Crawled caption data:
-=-=-=-=-
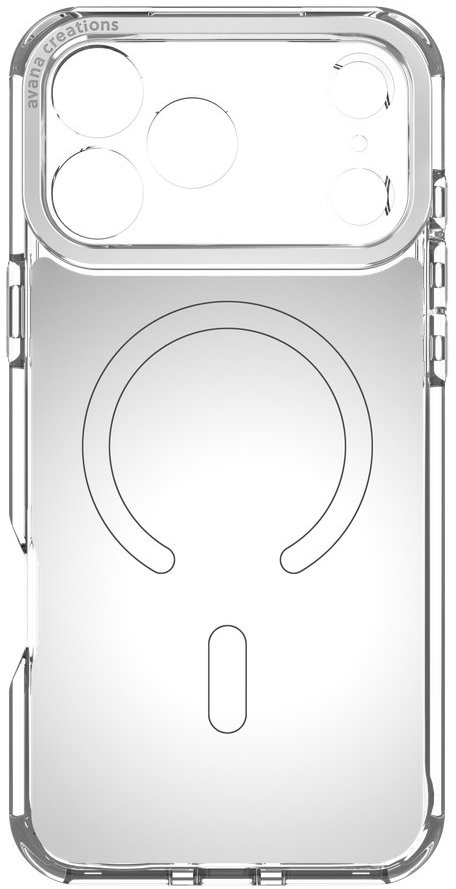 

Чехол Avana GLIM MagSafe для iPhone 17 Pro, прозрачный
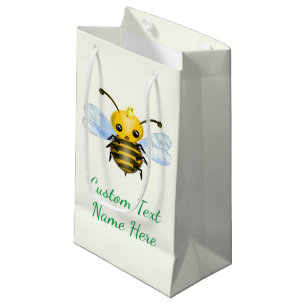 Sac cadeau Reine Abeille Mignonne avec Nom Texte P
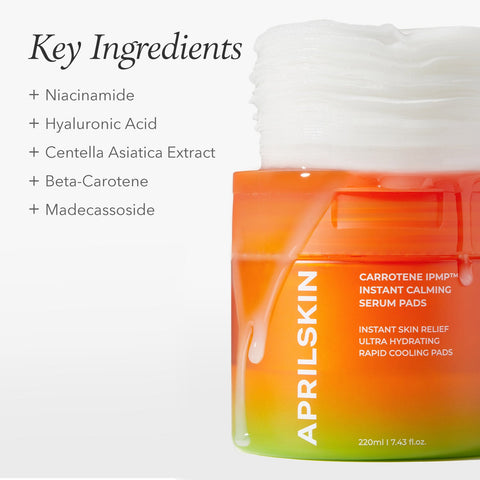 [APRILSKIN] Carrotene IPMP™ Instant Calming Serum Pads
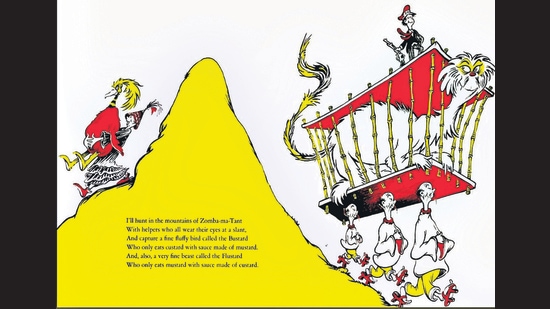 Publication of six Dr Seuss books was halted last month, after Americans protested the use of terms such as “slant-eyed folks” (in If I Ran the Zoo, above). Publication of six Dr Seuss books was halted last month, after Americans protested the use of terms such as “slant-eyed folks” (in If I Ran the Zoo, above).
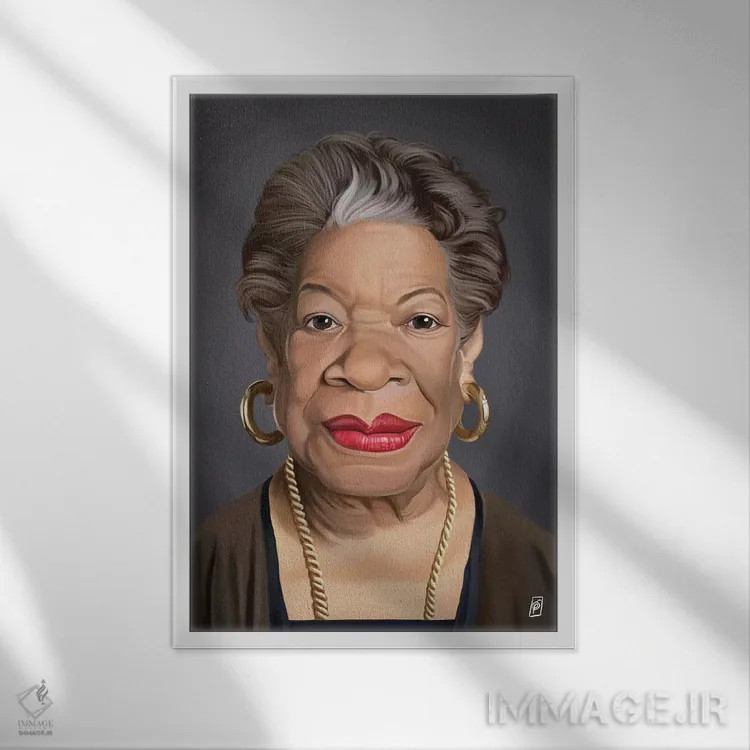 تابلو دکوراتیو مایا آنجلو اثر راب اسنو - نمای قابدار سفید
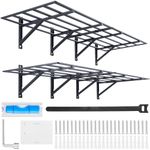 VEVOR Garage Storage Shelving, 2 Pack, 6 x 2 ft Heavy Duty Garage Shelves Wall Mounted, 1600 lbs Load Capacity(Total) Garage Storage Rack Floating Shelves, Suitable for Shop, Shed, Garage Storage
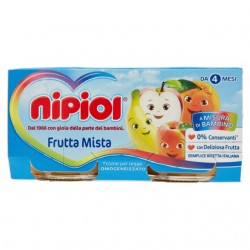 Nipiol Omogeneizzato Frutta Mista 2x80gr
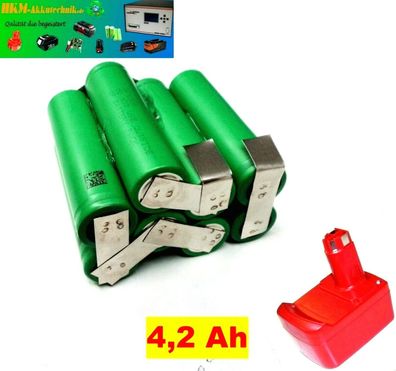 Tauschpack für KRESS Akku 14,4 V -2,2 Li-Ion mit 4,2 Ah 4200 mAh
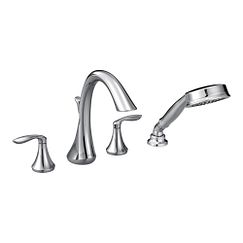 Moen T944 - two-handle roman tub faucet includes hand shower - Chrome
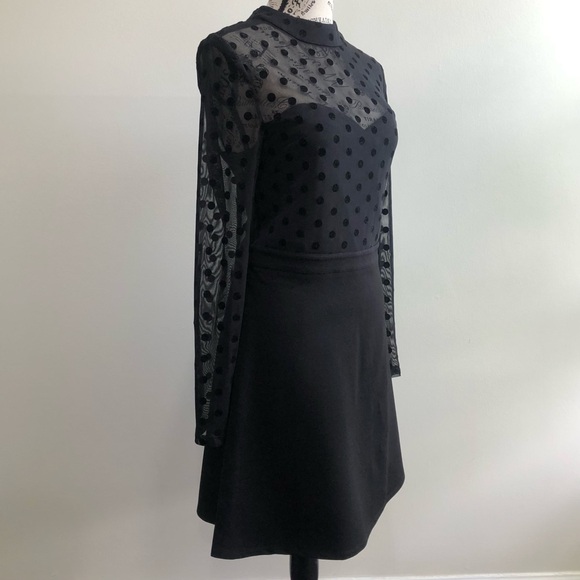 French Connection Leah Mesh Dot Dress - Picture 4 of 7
-=-=-=-=-
Work to be completed:
Pictures are not part of the copy. Return every record exactly.

Response to this task:
Чехол Avana GLIM MagSafe для iPhone 17 Pro, прозрачный
 Sac cadeau Reine Abeille Mignonne avec Nom Texte P
 [APRILSKIN] Carrotene IPMP™ Instant Calming Serum Pads
 Publication of six Dr Seuss books was halted last month, after Americans protested the use of terms such as “slant-eyed folks” (in If I Ran the Zoo, above). Publication of six Dr Seuss books was halted last month, after Americans protested the use of terms such as “slant-eyed folks” (in If I Ran the Zoo, above).
 تابلو دکوراتیو مایا آنجلو اثر راب اسنو - نمای قابدار سفید
 VEVOR Garage Storage Shelving, 2 Pack, 6 x 2 ft Heavy Duty Garage Shelves Wall Mounted, 1600 lbs Load Capacity(Total) Garage Storage Rack Floating Shelves, Suitable for Shop, Shed, Garage Storage
 Nipiol Omogeneizzato Frutta Mista 2x80gr
 Tauschpack für KRESS Akku 14,4 V -2,2 Li-Ion mit 4,2 Ah 4200 mAh
 Moen T944 - two-handle roman tub faucet includes hand shower - Chrome
 French Connection Leah Mesh Dot Dress - Picture 4 of 7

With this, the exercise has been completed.